Long before there was the Marlboro cowboy, there was the Marlboro baby

Marlboro, 7-Up, DDT. These companies, and more, once included images of infants in their print ads. We've come a long way, baby.
Two print ads for Marlboro cigarettes from the 1950's aimed at mothers where a baby says, "Gee, Mommy, you sure enjoy your Marlboro."
Marlboro cigarette ads from the 1950's aimed at mothers depicting babies. (Marlboro)

Marlboro cigarettes are the world's best-selling brand. And for decades, the brand was personified by the Marlboro cowboy, and the mythical place known as Marlboro Country.

Marlboro was originally a women's cigarette. But it started losing market share, so parent company Philip Morris took one last chance to save the brand – and repositioned it to be a man's cigarette.

Their advertising agency chose the cowboy as the ultimate male image. But, before all that happened, as Marlboro was aimed at women, the print ads Marlboro ran were kind of shocking.

One ad shows two babies – maybe one year old. One baby says:

"Gee Mommy, you sure enjoy your Marlboro."

And if that weren't enough, the other baby says:

"Before you scold me, Mom, maybe you better light up a Marlboro."

Hard to believe a cigarette company would put babies in their ads. Those ads ran often in the 1950s – and could be seen in prestige magazines like the Saturday Evening Post.

7-Up ran some questionable ads in the mid-50s. One had a baby drinking directly from a 7-Up bottle, cradling it as a baby would normally hold a bottle of milk. The headline says:

"Why we have the youngest customers in the business."

The ad goes on to say:

"This young man is 11 months old, and he isn't our youngest customer by any means. 7-Up is so pure, so wholesome, you can give it to babies and feel good about it. By the way, Mom, if your toddlers have to be coaxed to drink their milk, add 7-Up to their milk in equal parts."

Hard to believe the soda industry would make a pitch that directly – and that boldly – to moms and babies. That ad is from 1955.

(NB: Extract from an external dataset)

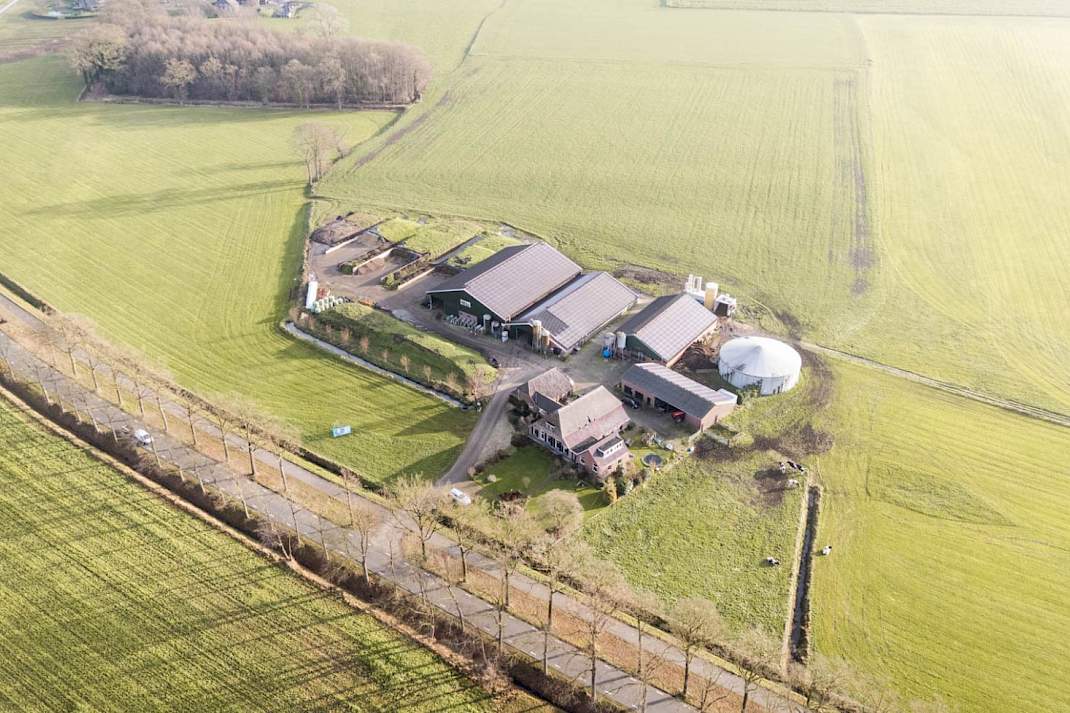 Melkveebedrijf De Groot in Laren met 120 melkkoeien, veel weidegang, stikstofstripper en mestopslag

The headline on a print ad for DuPont cellophane once said:

"You see so many good things in DuPont cellophane."

The visual actually showed three babies wrapped in cellophane.

Another ad for Black Flag insecticide shows a baby with the headline:

"No flies on me, thanks to DDT."

The ad says Black Flag with DDT is "long preferred by housewives everywhere."

Believe it or not, all these ads were deemed acceptable when they first appeared. There was no discernable pushback – no demands to yank them off the air – none were banned. It was a different time.

Marshall McLuhan once said that advertisements were the cave art of the 20th century. That is true. Look at the ads from any decade, and you instantly get a sense of what was politically correct, what the current lingo was, what the latest fashions and most popular products were, and, a sense of the prevailing attitudes.